Sitting–rising test scores predict natural and cardiovascular causes of deaths in middle-aged and older men and women | European Journal of Preventive Cardiology | Oxford Academic
https://academic.oup.com/eurjpc/advance-article/doi/10.1093/eurjpc/zwaf325/8163161
The NIH has cancelled several hundreds of millions of dollars for mRNA vaccine research. The most significant advantage of RNA based vaccines of course is the speed with which they can be designed and mass produced compared to more traditional vaccine technology. Abandoning RNA vaccine research isn’t a good idea, particularly given our history of pandemics over the last few decades. The next time I have coffee with Bobby Kennedy, I intend to first flatter him for removing red dye #3, a known carcinogen in our food for a century, and all the other petroleum based dyes which will be disappearing soon. That, as well as a whole raft of noxious, untested chemicals which he might use his proven leverage over the food industry to banish. After said flattery, I’ll point out how he could have been remembered as a real hero, but instead just might be recalled as the numbskull who deprived us of a rapidly available vaccine for Avian Influenza (or some other unanticipated pathogen), causing a delay costing many hundreds of thousands of deaths. I would opt for going down in history with the guaranteed historic achievement in the food department, rather than rolling the dice to placate the unscientific hordes of RNA skeptics—but then I try hard not to be a numbskull most of the time.

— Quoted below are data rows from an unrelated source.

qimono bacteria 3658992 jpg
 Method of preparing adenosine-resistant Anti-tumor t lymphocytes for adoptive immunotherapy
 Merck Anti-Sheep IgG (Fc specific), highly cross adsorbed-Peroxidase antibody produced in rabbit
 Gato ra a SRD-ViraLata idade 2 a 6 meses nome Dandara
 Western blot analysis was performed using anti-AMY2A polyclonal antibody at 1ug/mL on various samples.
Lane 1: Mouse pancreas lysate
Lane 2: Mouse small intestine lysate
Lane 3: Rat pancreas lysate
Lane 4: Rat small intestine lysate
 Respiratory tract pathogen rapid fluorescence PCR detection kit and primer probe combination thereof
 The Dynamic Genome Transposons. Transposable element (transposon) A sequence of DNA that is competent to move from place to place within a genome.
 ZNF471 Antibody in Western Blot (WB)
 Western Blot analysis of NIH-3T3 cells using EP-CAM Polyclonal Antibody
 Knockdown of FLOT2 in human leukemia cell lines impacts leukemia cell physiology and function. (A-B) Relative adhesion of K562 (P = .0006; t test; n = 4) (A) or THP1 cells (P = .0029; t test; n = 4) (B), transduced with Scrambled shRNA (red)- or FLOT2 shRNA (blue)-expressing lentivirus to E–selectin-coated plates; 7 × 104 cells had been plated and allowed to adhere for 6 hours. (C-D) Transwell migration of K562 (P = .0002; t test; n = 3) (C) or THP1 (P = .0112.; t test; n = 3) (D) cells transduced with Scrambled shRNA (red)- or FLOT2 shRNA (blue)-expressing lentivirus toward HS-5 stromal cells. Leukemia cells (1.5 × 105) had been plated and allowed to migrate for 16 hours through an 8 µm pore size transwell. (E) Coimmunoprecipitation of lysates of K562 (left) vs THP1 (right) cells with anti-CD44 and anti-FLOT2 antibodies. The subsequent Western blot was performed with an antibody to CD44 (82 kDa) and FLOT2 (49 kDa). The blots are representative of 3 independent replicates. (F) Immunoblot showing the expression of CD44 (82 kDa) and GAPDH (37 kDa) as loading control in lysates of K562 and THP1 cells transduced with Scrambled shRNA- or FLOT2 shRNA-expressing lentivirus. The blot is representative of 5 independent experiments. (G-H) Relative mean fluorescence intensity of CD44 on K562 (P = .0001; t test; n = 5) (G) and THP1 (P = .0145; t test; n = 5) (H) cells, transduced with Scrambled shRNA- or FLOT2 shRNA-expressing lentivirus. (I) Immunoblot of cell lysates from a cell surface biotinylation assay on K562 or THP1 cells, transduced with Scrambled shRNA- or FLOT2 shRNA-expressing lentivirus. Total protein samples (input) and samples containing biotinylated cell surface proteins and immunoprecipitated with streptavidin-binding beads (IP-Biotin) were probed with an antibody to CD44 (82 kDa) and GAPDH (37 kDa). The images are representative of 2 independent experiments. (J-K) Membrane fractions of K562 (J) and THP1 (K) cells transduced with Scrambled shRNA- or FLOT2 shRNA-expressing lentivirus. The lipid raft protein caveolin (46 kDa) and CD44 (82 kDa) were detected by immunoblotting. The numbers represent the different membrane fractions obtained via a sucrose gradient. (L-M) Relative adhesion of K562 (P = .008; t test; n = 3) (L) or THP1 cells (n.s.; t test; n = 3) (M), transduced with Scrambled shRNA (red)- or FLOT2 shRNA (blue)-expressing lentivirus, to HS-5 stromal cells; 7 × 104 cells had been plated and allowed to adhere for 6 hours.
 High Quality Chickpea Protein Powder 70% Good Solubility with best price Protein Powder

This is the 130th edition of “Clear and Present Thinking”, and I want to thank everyone who at least occasionally reads it. As the immediacy of the COVID Pandemic faded, I have been making less frequent posts, and addressing a wider variety of topics. If you continue to find the content valuable feel free to chime in with a comment or hit the like button. Should you run into RFK Jr. at an AA or NA meeting before our next coffee-klatsch, please share my thoughts about the importance of his legacy. One last request from me today. After learning that Nancy Pelosi’s 400 million dollar fortune was built through incredible financial acumen, with a 70% return in 2024, beating every hedge-fund in the world and more than doubling Warren Buffet’s results (ok he’s getting old), I have been peppering her with requests to start managing my own slightly smaller portfolio. If any of you have influence with Nancy, and can intercede on my behalf, it would be much appreciated.
Enjoy your posts and appreciate your taking the time. Regarding Nancy Pelosi, it is an ongoing outrage that we can't stop congress from enriching themselves through insider information and I suspect that she has done so like many others. That said, when I looked that up it seems that information and number came from Karoline Leavitt which immediately casts the information into serious doubt.